To understand how a probate sale works, it helps to first understand what probate courts are.
A probate court is a court that deals with the probate and administration of an estate. In some places, probate courts are also referred to as “orphan’s courts.” During colonial times, in the 17th and 18th centuries, orphan’s courts were established in the Chesapeake Bay colony to protect the rights of orphaned children and their assets should their parents decease and leave them without other family members.
Today, Maryland and Pennsylvania still refer to probate courts as orphan’s courts. In the case of wills that are contested, the parties will take their case to a probate court to settle the dispute. When an estate has more debts than assets, the estate will enter administration and also be taken to a probate court.
If you’re looking into the probate sale of a property, it’s important to recognize that the court’s involvement will create more red tape, and thus the process could take longer. Furthermore, as the original owner is deceased, there is little room for questions and negotiations on issues such as contingency clauses. That being said, there are great deals to be found on real estate transactions like probate sales, so as long as you can handle the paperwork, timeline, and general annoyances, it can be a smart way to buy a home.

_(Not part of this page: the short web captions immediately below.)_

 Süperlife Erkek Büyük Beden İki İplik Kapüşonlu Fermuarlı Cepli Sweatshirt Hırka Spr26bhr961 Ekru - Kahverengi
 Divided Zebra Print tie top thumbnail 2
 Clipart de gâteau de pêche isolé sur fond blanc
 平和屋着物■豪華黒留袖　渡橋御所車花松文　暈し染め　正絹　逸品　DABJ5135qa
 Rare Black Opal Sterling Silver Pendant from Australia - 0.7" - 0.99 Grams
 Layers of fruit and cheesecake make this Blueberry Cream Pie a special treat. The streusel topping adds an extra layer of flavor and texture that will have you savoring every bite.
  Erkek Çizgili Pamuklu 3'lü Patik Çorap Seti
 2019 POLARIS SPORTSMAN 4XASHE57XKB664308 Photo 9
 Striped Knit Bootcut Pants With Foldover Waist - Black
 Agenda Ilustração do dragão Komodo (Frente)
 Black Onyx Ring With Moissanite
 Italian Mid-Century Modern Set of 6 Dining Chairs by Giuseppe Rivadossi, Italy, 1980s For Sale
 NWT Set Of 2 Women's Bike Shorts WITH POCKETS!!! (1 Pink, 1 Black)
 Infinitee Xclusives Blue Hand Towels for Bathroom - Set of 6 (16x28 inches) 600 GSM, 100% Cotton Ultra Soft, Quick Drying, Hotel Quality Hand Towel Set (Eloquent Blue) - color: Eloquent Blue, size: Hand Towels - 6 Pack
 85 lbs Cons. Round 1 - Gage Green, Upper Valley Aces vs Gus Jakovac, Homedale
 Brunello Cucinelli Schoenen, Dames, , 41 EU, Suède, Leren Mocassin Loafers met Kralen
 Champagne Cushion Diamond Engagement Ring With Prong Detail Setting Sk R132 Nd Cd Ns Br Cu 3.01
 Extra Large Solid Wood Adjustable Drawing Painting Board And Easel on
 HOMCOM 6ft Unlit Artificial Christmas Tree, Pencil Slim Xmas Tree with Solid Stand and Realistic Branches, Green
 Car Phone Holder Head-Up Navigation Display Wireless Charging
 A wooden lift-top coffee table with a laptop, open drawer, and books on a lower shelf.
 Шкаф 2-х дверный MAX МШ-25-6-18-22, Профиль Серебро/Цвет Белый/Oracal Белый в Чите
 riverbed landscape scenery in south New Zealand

How does a probate sale work?

If a person dies and their estate has debts greater than its assets, or if the estate has no heirs, then a probate court will ensure creditors are paid and that any remaining assets are distributed to the beneficiaries. The court then needs to administer the sale of the property along with its other assets, basically divvying up every item that goes into an estate sale. The court defines two types of property linked to an estate: personal property and real property.

Personal property

Personal property consists of tangible assets — such as jewelry, trading cards, and gold bars — as well as intangible property, such as a retirement plan.

Real property

Real property includes large physical assets, such as real estate and investment property. Houses, land, and water rights are all examples of real property that will be administered by a probate court.
If the deceased left behind a will, the person administering the estate is known as the “executor.” When there is no will, that person is called the “administrator.” Part of the responsibility of an administrator is to delve through the finances of the estate and find out how much the creditors are owed.
Assuming the real property does indeed need to be liquidated in order to pay off debts, then the court will order an appraisal of the property. This appraisal is necessary to define the fair market value of the property, which will then become its listing price.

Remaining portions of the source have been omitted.